## Work item
Set down exactly, from the records below, the line with "GM 84482888 Multiplex" through the line with "Jenni Pajama Pants Moon/Stars Navy S", and nothing else.

## Recorded data
*** Begin section ***

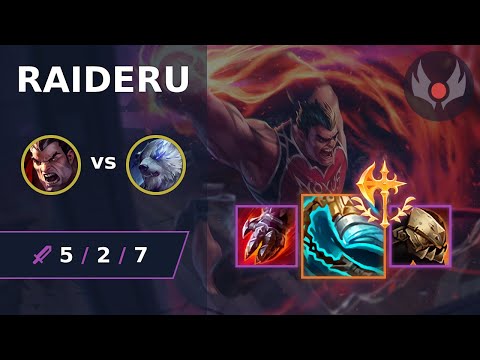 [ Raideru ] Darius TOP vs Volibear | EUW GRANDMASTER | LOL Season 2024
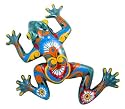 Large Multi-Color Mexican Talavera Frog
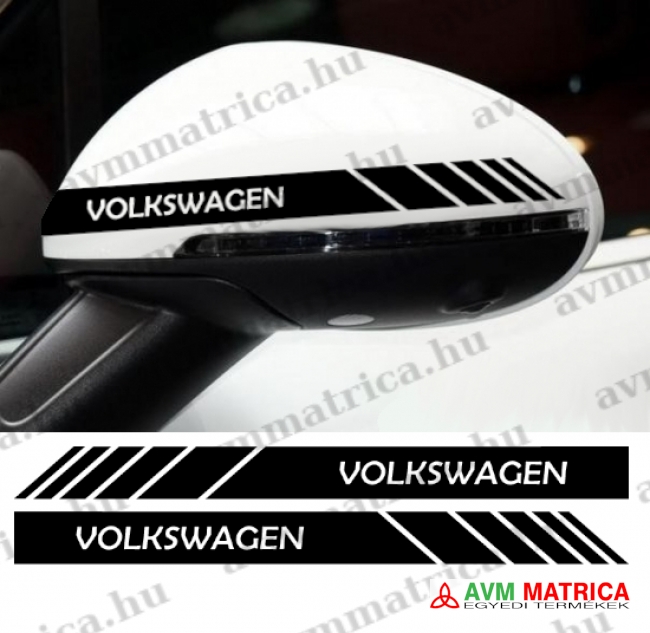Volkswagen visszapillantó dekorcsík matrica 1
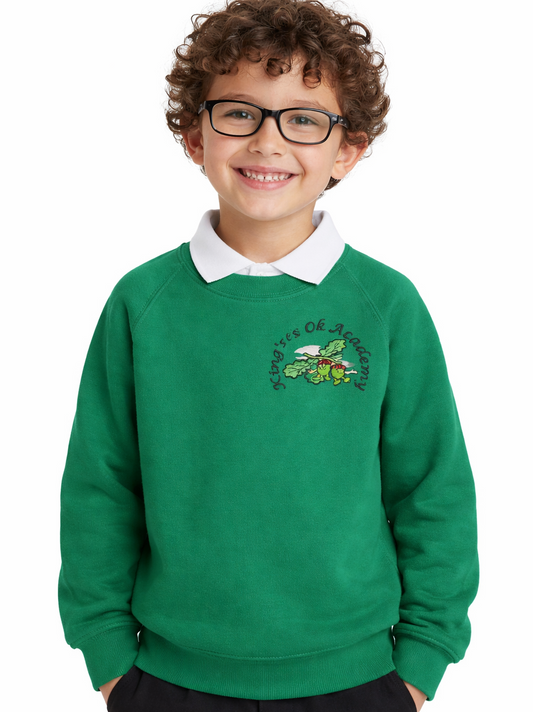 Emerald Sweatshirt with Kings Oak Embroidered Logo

*** End section ***
*** Begin section ***

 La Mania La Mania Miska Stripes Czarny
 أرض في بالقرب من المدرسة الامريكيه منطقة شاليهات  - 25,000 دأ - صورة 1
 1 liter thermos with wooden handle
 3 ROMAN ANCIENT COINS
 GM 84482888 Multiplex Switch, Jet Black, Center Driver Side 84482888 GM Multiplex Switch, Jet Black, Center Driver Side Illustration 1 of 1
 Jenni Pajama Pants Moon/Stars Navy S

*** End section ***

## Written answer
 GM 84482888 Multiplex Switch, Jet Black, Center Driver Side 84482888 GM Multiplex Switch, Jet Black, Center Driver Side Illustration 1 of 1
 Jenni Pajama Pants Moon/Stars Navy S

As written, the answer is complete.